Having the right ingredients is important for every recipe. Of course this is true even when you’re mixing swine feeds.

To demonstrate the need to find the right mix, Kansas State University researchers, led by Crystal Groesbeck, research assistant, conducted two experiments that looked at salt as a mixing compound. They evaluated different particle sizes and preparation methods (unground salt at 730 microns or ground salt at 440 microns) on mixing efficiency.

Researchers used a 3,000-pound-capacity horizontal ribbon mixer to mix batches of feed. They collected 10 samples at eight times during the mixing process from pre-determined locations in the mixer to measure its efficiency.

In the first experiment, researchers prepared four 3,000-pound batches of feed, two with 440-micron salt and two with 730-micron salt. They analyzed both unground and ground samples, but found that all of the feed batches were inadequately mixed.

In the second experiment, researchers collected samples from 2,000-pound batches of feed made in the same 3,000-pound-capacity mixer. They analyzed four sizes of unground and ground salt particles. The studies’ results show that as salt-particle size decreased and mixing time increased, the result was a more uniform feed mixture.

Overall, these two experiments point out that salt size is important for an efficient and effective feed mixture, as is the amount of grinding time. It’s important to use a fine-mixing salt. If you use salt that’s too coarse, you will end up with misleading results,” says Mike Tokach, Kansas State University swine nutritionist.

Also when the mixer is filled to the rated capacity, the batches may be too large to mix efficiently. “If you overfill a mixture, it simply won’t do an adequate job,” he adds.

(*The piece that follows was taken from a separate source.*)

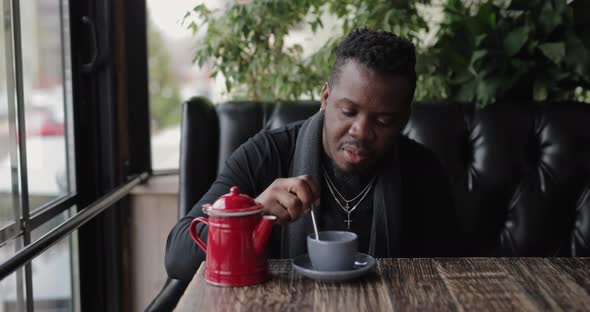 African American Man Mixing Sugar in a Tea Cup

Keep in mind, that salt isn’t the only ingredient that can be used to measure mixture efficiency. Some people use selenium or zinc. Tokach says the Kansas State researchers chose salt because it’s cost effective.

Another reason producers should be concerned about mixture efficiency is that pig performance — especially in the nursery — is hurt when feed ingredients aren’t mixed properly. Tokach points out that producers are using smaller-inclusion-rate products today, such as synthetic amino acids, which make it essential to have a well-mixed diet. There’s certainly more potential performance fallout if pigs don’t get the right mix of these ingredients. 

For example, a typical use rate for synthetic lysine is 3 to 6 pounds per ton, while you would use up to 3 pounds per ton of threonine, and only 0.5 to 1 pound of methionine per ton of feed. It’s important to get proper amounts of those amino acids into all pigs for adequate growth.

“In the many trials looking at mixture efficiency,” says Tokach. “we’ve found that if you don’t adequately mix diets in the nursery, it can reduce the pigs’ average daily gain and feed efficiency rates by 10 percent to 25 percent, depending on how bad the mix was.”

But along with monitoring your mixture efficiency, Tokach says it’s essential to use an accurate lab for the analysis. Talk to other producers, swine nutritionists, your local or state Extension representatives about which laboratories have a reputation for being thorough and accurate.

Remember, you need to find the right feed mix and amount to get the best growth performance and efficiency from your pigs.